27 comments

  • v9v 24 minutes ago

    Somewhat relevant is a blog-post that likens attention to kernel smoothing: https://bactra.org/notebooks/nn-attention-and-transformers.h... (as discussed before in https://news.ycombinator.com/item?id=38756888)

  • amluto 7 hours ago

    Hint for authors: when discussing linear algebra (or really most other kinds of math), follow normal conventions. In this case, the convention would be that - (the minus sign) means subtraction. It does not mean "and also", especially when you sandwich it between two variables that represent matrices.

    I read the paper with much head scratching all the way through sections 1 and 2 and part of 3 before I figured out that, no, really, the description "Q-K=V" does not mean "Q minus K equals V" (the head scratching was because a bunch of their descriptions and symmetry comments really make little sense if you think "Q minus K equals V"). If you want to say that "K equals V", please spell it "K=V" :)

    I am curious whether it makes any sense at all to enforce a more general linear constraint on the query, key and value attention matrices along the line of Q-K=V.

    It is an entertaining paper.
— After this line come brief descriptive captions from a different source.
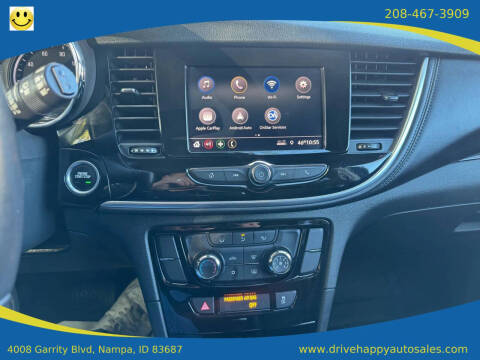 2021 Buick Encore Preferred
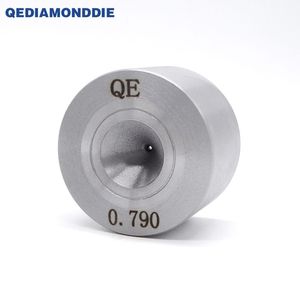 Matrices de Hilo de Diamante Policristalino (PCD) para Trefilado de Alambre de Acero de Bajo Carbono para Cuerdas de Guitarra - Product Image 4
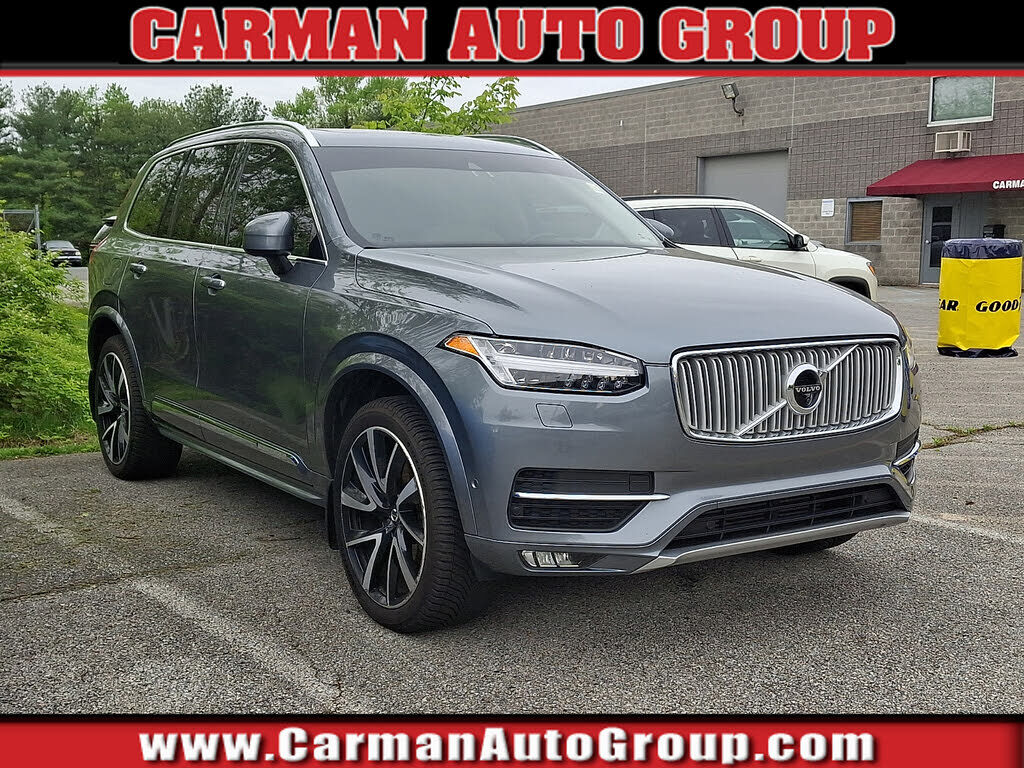 2019 VOLVO XC90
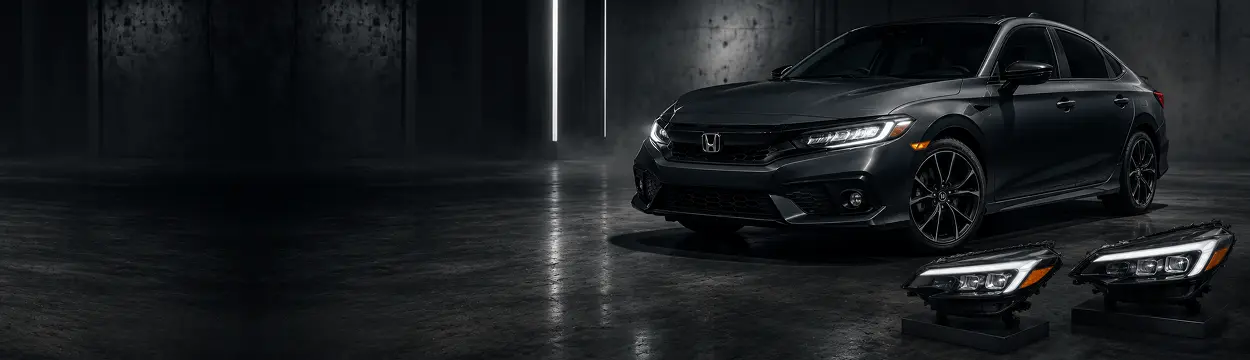 Honda Body Parts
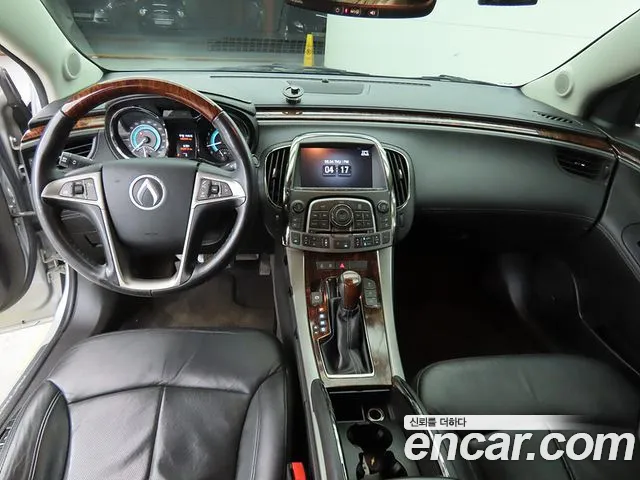 Chevrolet Alpheon 2014 thumb 7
I admit I'm surprised that K=V appears to work as well as it does -- it seems like it's almost enforcing a sort of model where the query is a guess as to what the value is and the attention head returns a (softmaxed) value that is closest to the query's guess. Maybe it works because the sequences are short and the dimension is high and there's plenty of room for interesting results to fit in the merged key/value space.

    • amemi 6 hours ago

      > Maybe it works because the sequences are short and the dimension is high and there's plenty of room for interesting results to fit in the merged key/value space.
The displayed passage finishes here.